The eBPF technology in the Linux kernel has been widely adopted for different applications, such as networking, tracing, and security, thanks to the programmability it provides. By allowing user-supplied eBPF programs to be executed directly in the kernel, it greatly increases the flexibility and efficiency of deploying customized logic. However, eBPF also introduces a new and wide attack surface: malicious eBPF programs may try to exploit the vulnerabilities in the eBPF subsystem in the kernel.
Fuzzing is a promising technique to find such vulnerabilities. Unfortunately, our experiments with the state-of-the-art kernel fuzzer, Syzkaller, show that it cannot effectively fuzz the eBPF runtime, those components that are in charge of executing an eBPF program, for two reasons. First, the eBPF verifier (which is tasked with verifying the safety of eBPF programs) rejects many fuzzing inputs because (1) they do not comply with its required semantics or (2) they miss some dependencies, i.e., other syscalls that need to be issued before the program is loaded. Second, Syzkaller fails to attach and trigger the execution of eBPF programs most of the times.
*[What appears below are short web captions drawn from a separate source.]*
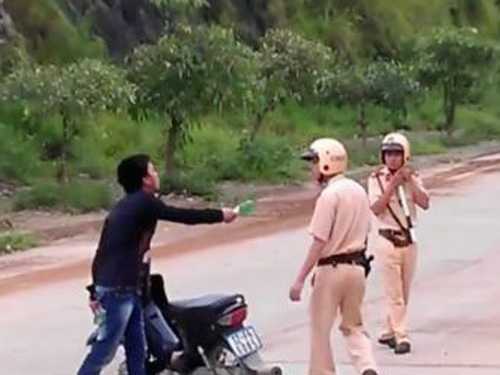 Đầu trần cầm vỏ chai bia vỡ, xích sắt tấn công CSGT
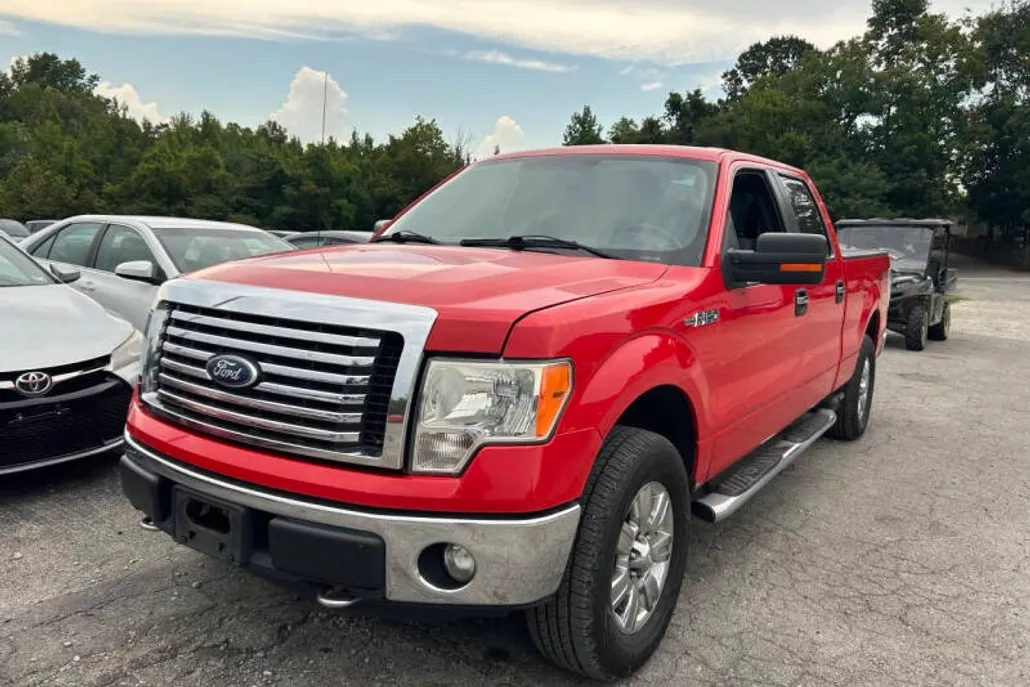 2011 Ford F-150 XLT photo 1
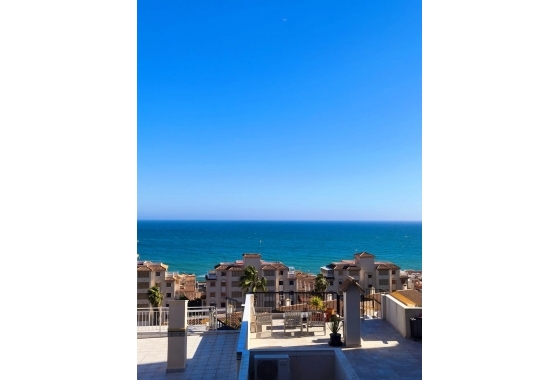 Resale - Apartment / flat - Torrevieja - Cabo Cervera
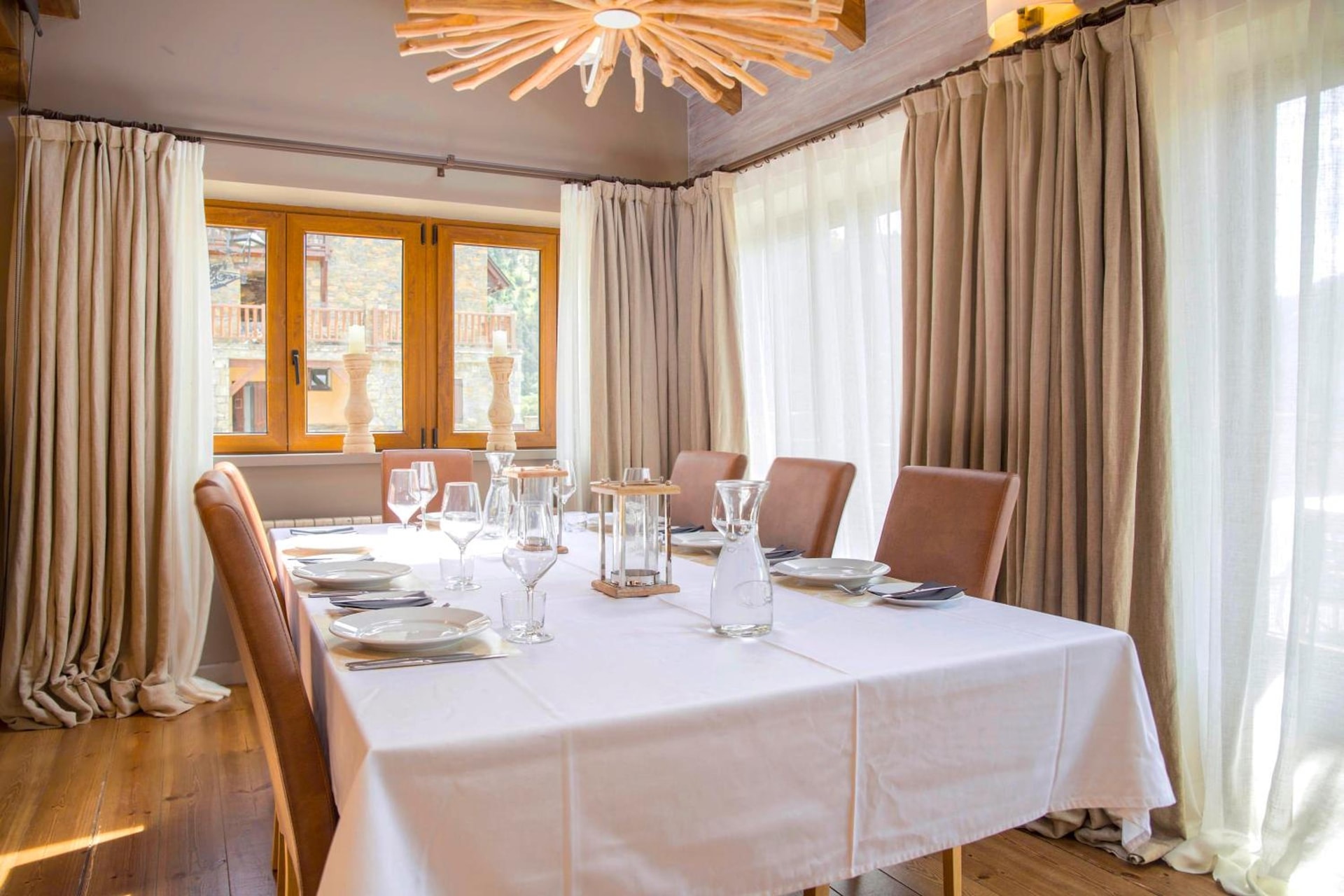 Eira Ski Lodge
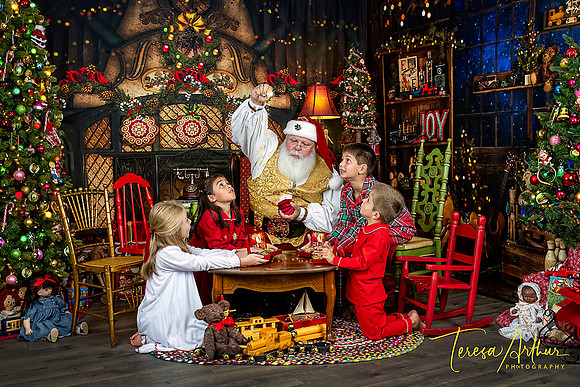 HORDUSKY GRANDKIDS-SANTA-2023-501-Edit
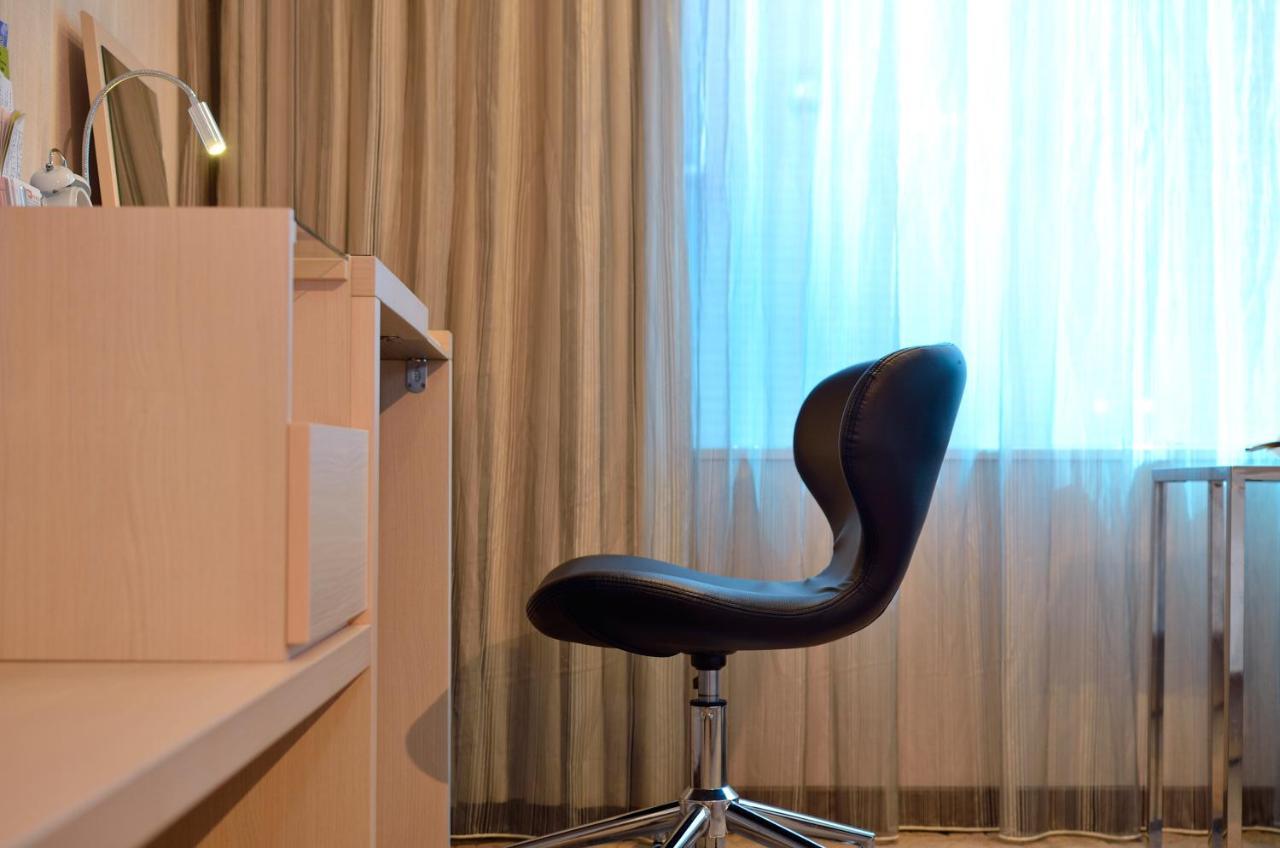 Yomi Hotel - Shuanglian Mrt Tajpej Zewnętrze zdjęcie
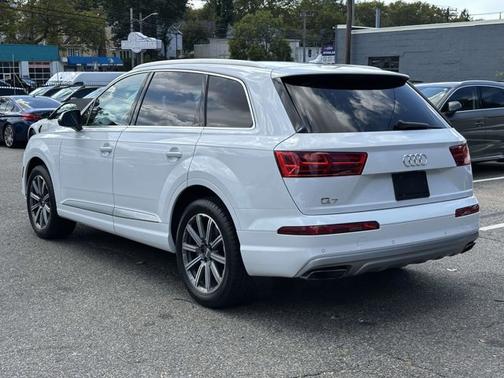 2019 Audi Q7 2.0T Premium Plus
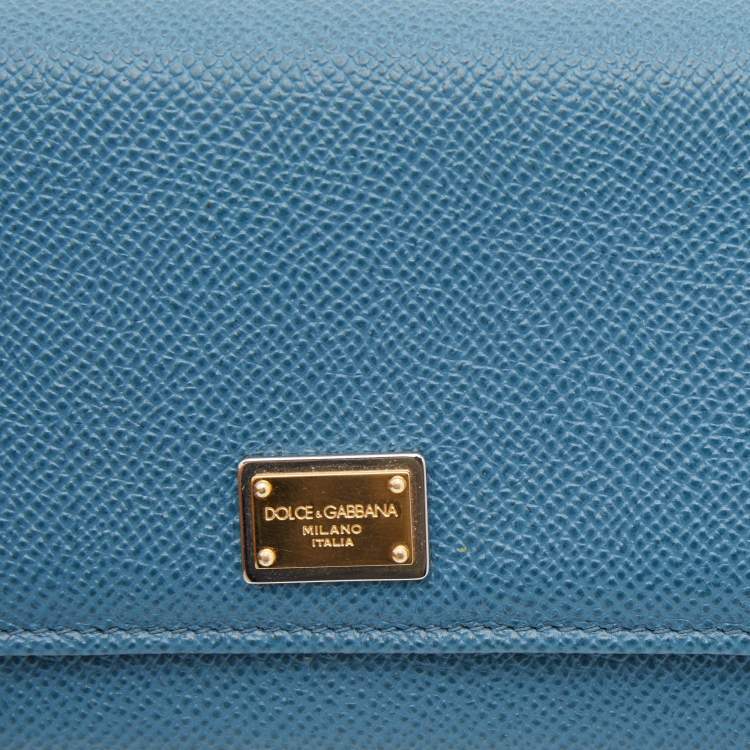 مملوكة مسبقًا Dolce & Gabbana Blue Leather Dauphine Flap Continental Wallet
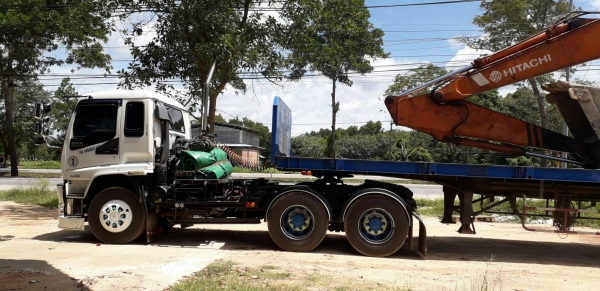 รถแบคโฮ HITACHI EX200-2 มีคลิปการทำงานส่งให้ทางไลน์ได้ครับ.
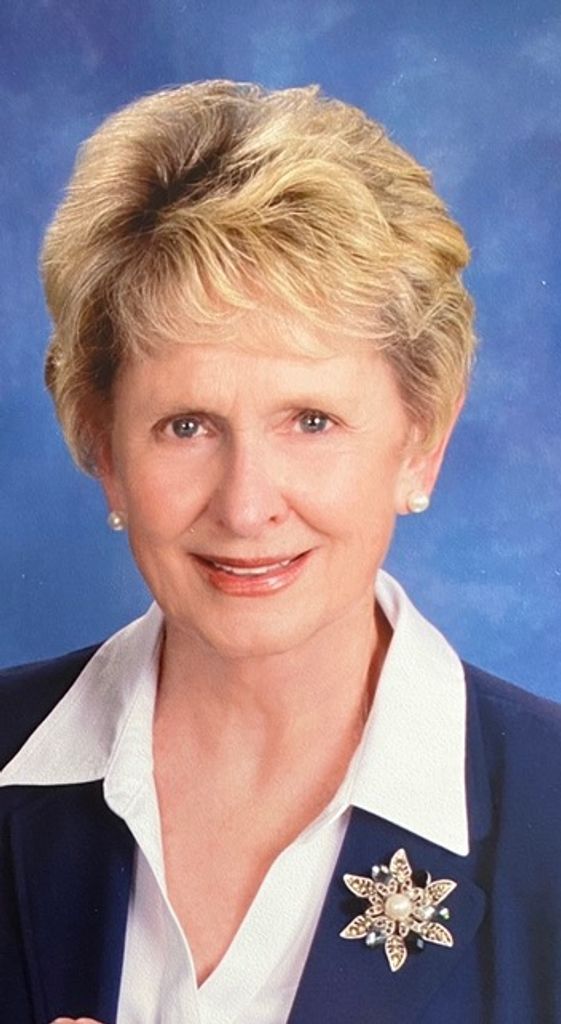 Valerie Lee (Hamilton)  Wilson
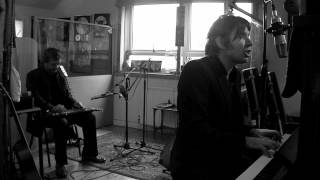 Watch Justin Currie Falsetto video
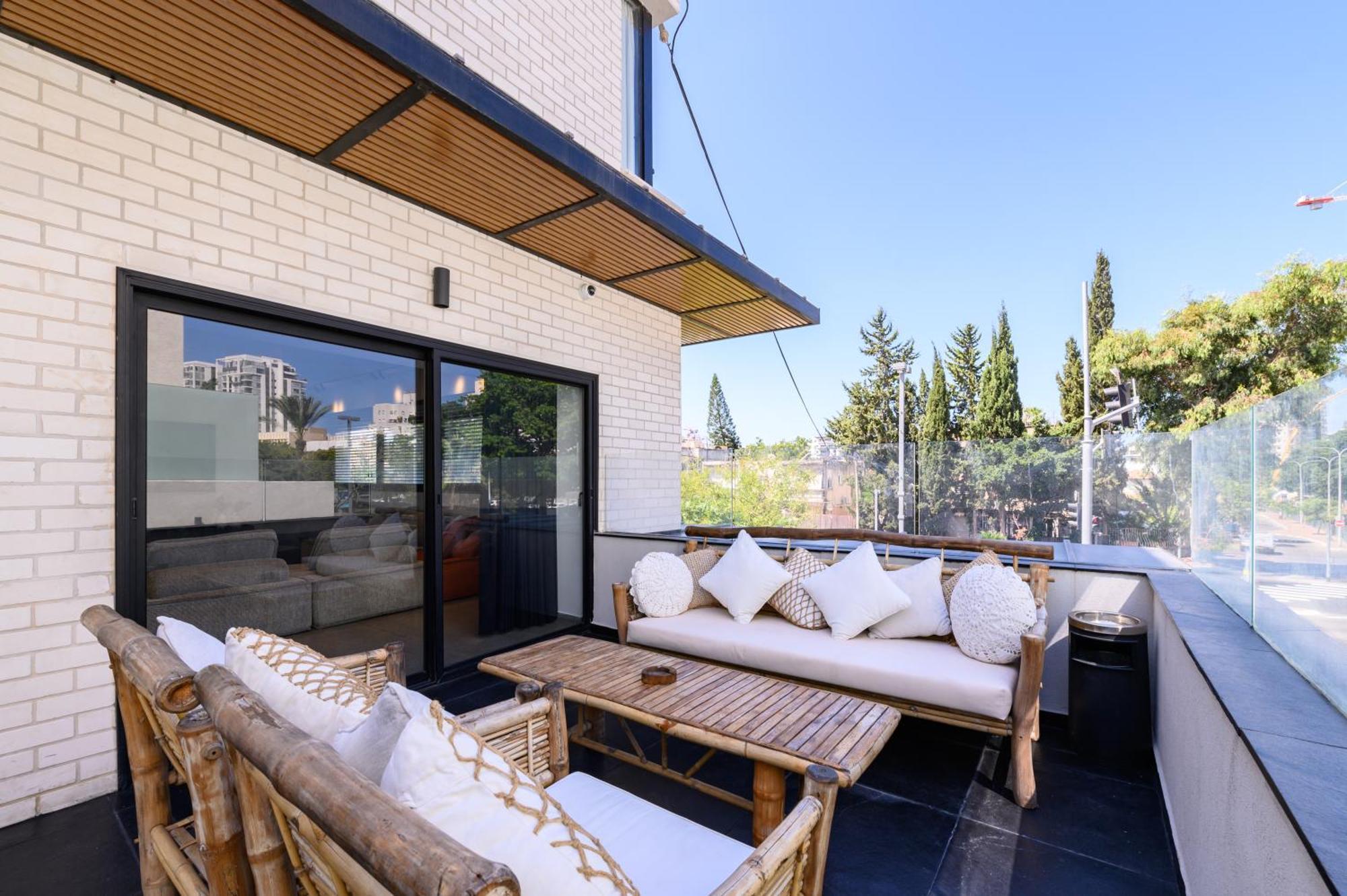 Rokah Luxury Villa At Ramat Hahayal Tel Aviv Eksteriør billede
This paper introduces the BPF Runtime Fuzzer (BRFuzz), a fuzzer that can satisfy the semantics and dependencies required by the verifier and the eBPF subsystem. Our experiments show, in 48-hour fuzzing sessions, BRFuzz can successfully execute 8$\times$ more eBPF programs compared to Syzkaller (and 32$\times$ more programs compared to Buzzer, an eBPF fuzzer released recently from Google). Moreover, eBPF programs generated by BRFuzz are much more expressive than Syzkaller’s. As a result, BRFuzz achieves 101% higher code coverage. Finally, BRFuzz has so far managed to find 6 vulnerabilities (2 of them have been assigned CVE numbers) in the eBPF runtime, proving its effectiveness.